Les premières écoutes décontenancent par le côté anti-climax que l’album se trimballe. « Down » est une intro plate, « Talk To Me » essaie d’envoyer la sauce mais en fait trop et on prend peur en pensant que RTJ s’est pris les pieds dans le micro. Avec quelques tours au compteur, le bilan est plus que positif : il faut reconnaître que l’héritage est là et que l’uppercut constant de 2014 complique la tâche de son successeur. Pourtant, les compères ont toujours la dalle et essaient de composer avec, en servant à la fois plus de ce qu’ils savent faire et parfois du changement.
RTJ AD LIB
Dans un album qui comprend une première partie assez faiblarde, les bons morceaux se détachent. « A Report To The Shareholders / Kill Your Masters » se tire la bourre. Légère au départ, electro post apocalyptique ensuite, elle est bicéphale par son titre et finit même par intégrer encore de la Rocha pour un semi couplet faisant tout de même pâle figure face à son précédent feat. Un cocktail faisant le pont entre RTJ 2 et 3 en quelque sorte entre les penchants bourrins de son prédécesseur et les sorties se route de sa suite. « Call Ticketron » voit Killer Mike et El P se rêver au Madison Square Garden et c’est par ce titre que le disque commence à prendre l’air. La diversité vient vraiment via « Oh Mama » où le rock s’invite via un riff incisif pour suivre avec un refrain que n’aurait pas renié MackLemore, ce qui bizarrement fonctionne très bien. « Stay Gold » tambourine les basses jusqu’à plus n’en pouvoir. Et le tout sans transition car tous les morceaux se fondent pour t’éviter tout répit.
C’est aussi le disque des invités avec 7 noms bonus au générique, avec quelques invisibles dans le lot comme Tunde Adebimpe de TV On The Radio traitée comme le pire des choristes. On reprochera globalement que le duo passe autant de temps à s’auto-citer, chose qu’il faisait déjà une dizaine de fois lors de leurs précédentes galettes : les blagues les plus longues mériteraient d’être plus courtes. Aussi, on a tendance à trouver que Killer Mike se fait rattraper par son collègue et que les moments où il essaie de prendre le dessus tombe à l’eau. Comme le dernier couplet de « Talk To Me » où il plombe un peu le morceau. Ou on vire parfois dans le mauvais putassier avec « Panther like a panther », ou le pataud pour « Thursday in the Danger Room ».
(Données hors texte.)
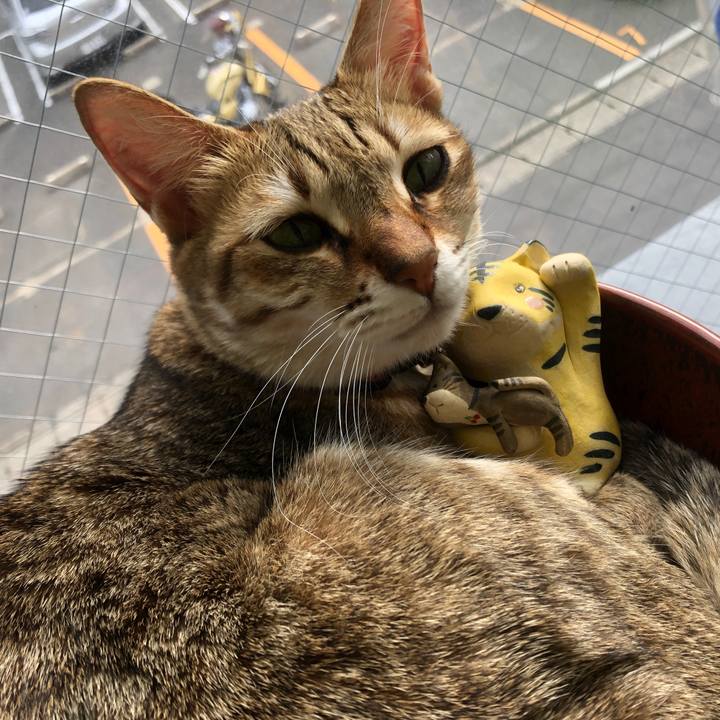 B5dcb4b6 1c2f 417b a003 9a688e9be8f9 1640004293010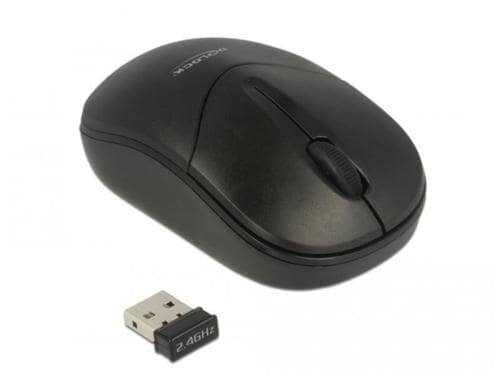 Delock 12494 USB 2.4 GHz, WIRELESS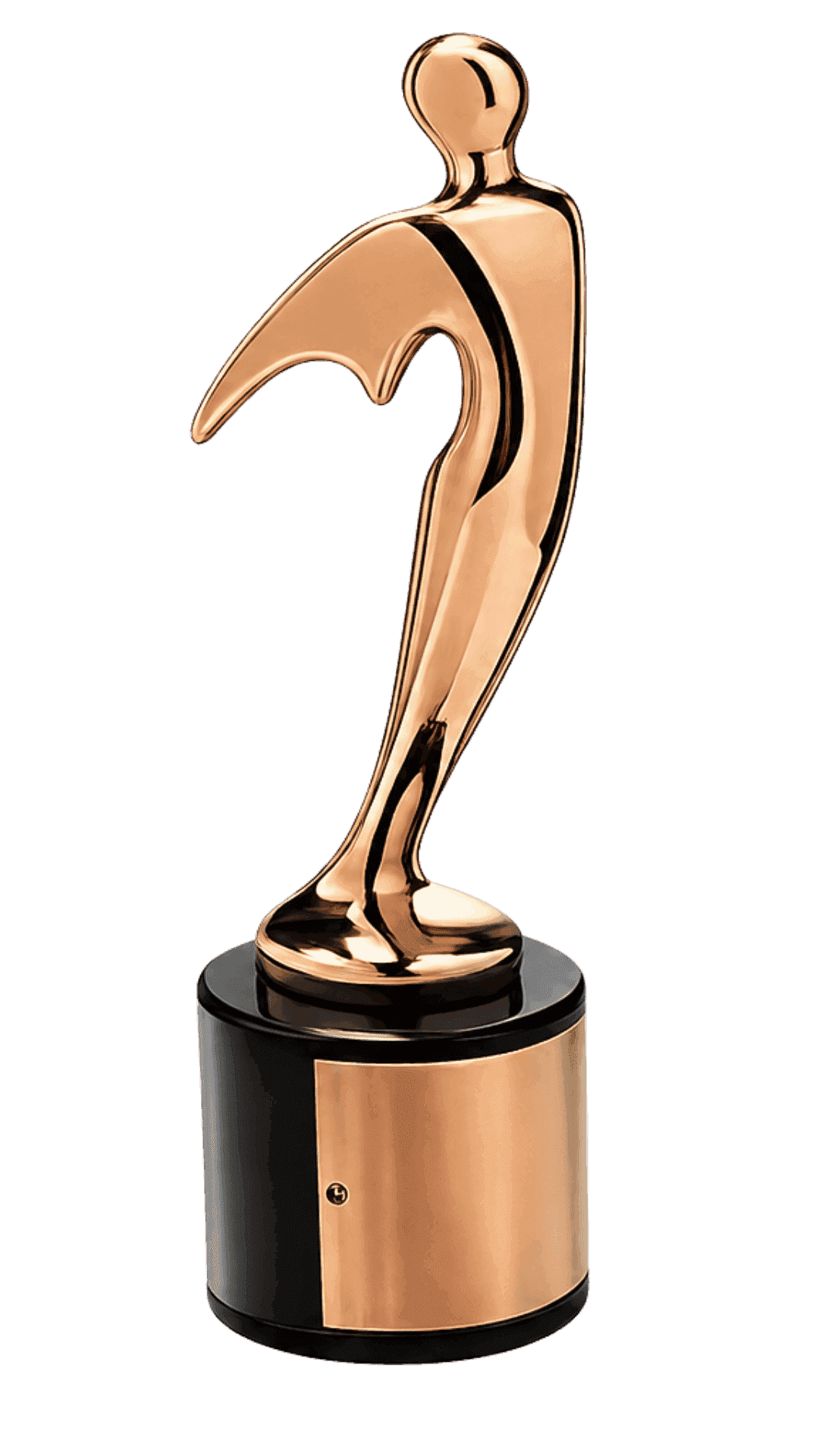 Bronze Telly Award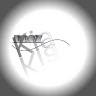Profile photo for Droz Kia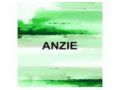 Anzie Coupon Codes April 2023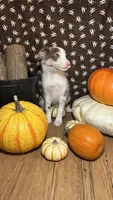 Mark Lowry, a male Border Collie for sale in Cecilia, KY – 2 of 10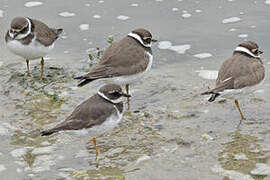 Common Ringed Plover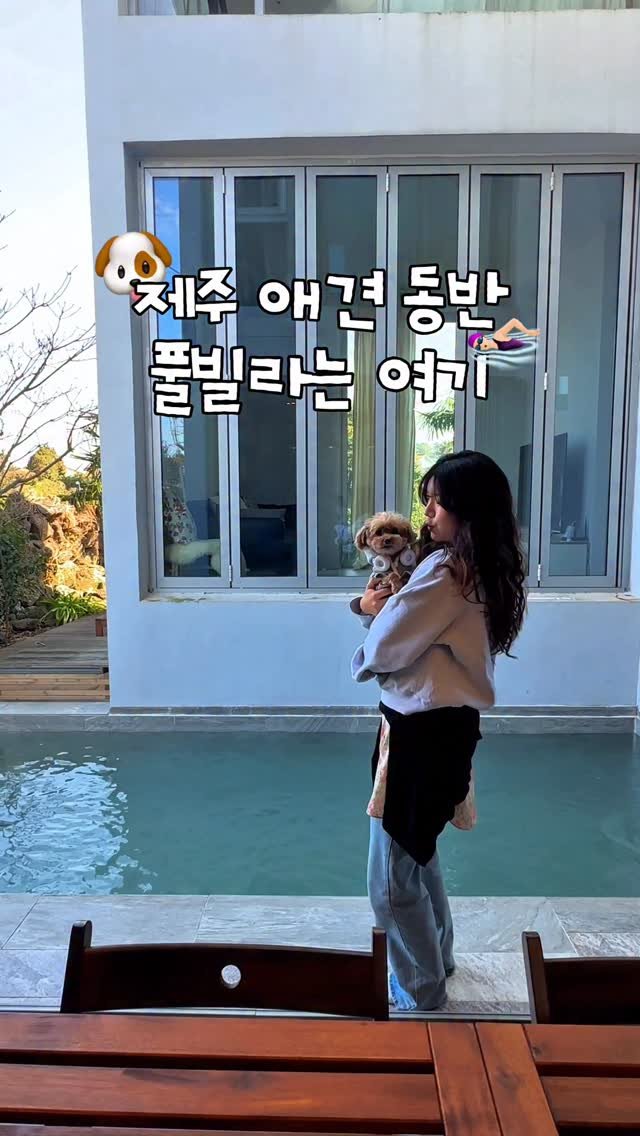 yooonjeju 게시물 이미지: (할인 tip) 🐶댕댕이도 행복한 제주 풀빌라는 여기!

댕댕이랑 인생샷 남길 수...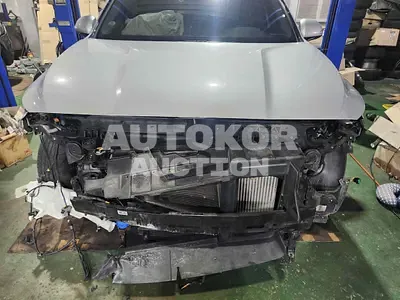 2019, Hyundai / Santa FE, VIN: KMHS381BBLU210734, 79943 км., diesel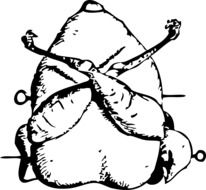 partridge, poultry, black and white vintage drawing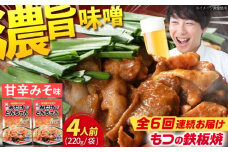 【6回定期便】岐阜県産豚もつの鉄板焼き「元祖みたけとんちゃん」甘辛みそ味（4人前） / モツ もつ 白もつ ホルモン / 御嵩町 / 藤よし [AVAA019]
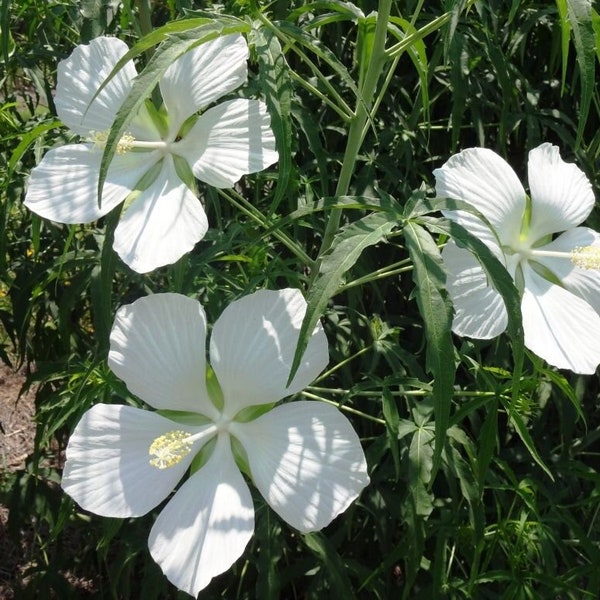 10 RARE White Texas Lone Star Hibiscus seeds - PLUS Proven Germination Instructions & FREE shipping!    ----  Fresh seeds from 2023 harvest.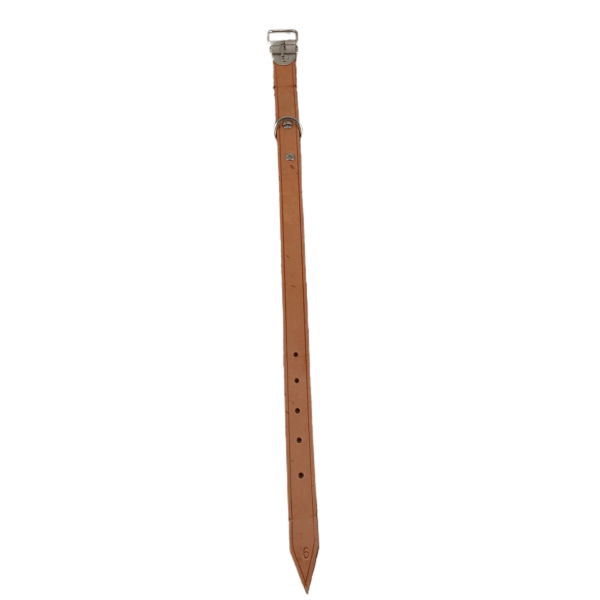 Coleira de cabedal nº 6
https://www.youtube.com/watch?v=lbuqo6NfVB8
Avec une quarantaine de titres au compteur, Run The Jewels ne tourne pas encore en rond. En faisant planer une atmosphère de révolte, on dirait parfois un album de The Prodigy. Ce qui en dit long sur l’effort apporté à la production et sur l’agression permanente. Le temps nous dira si il est en deçà des précédents mais en attendant, il devrait facilement faire vibrer des millions d’oreilles.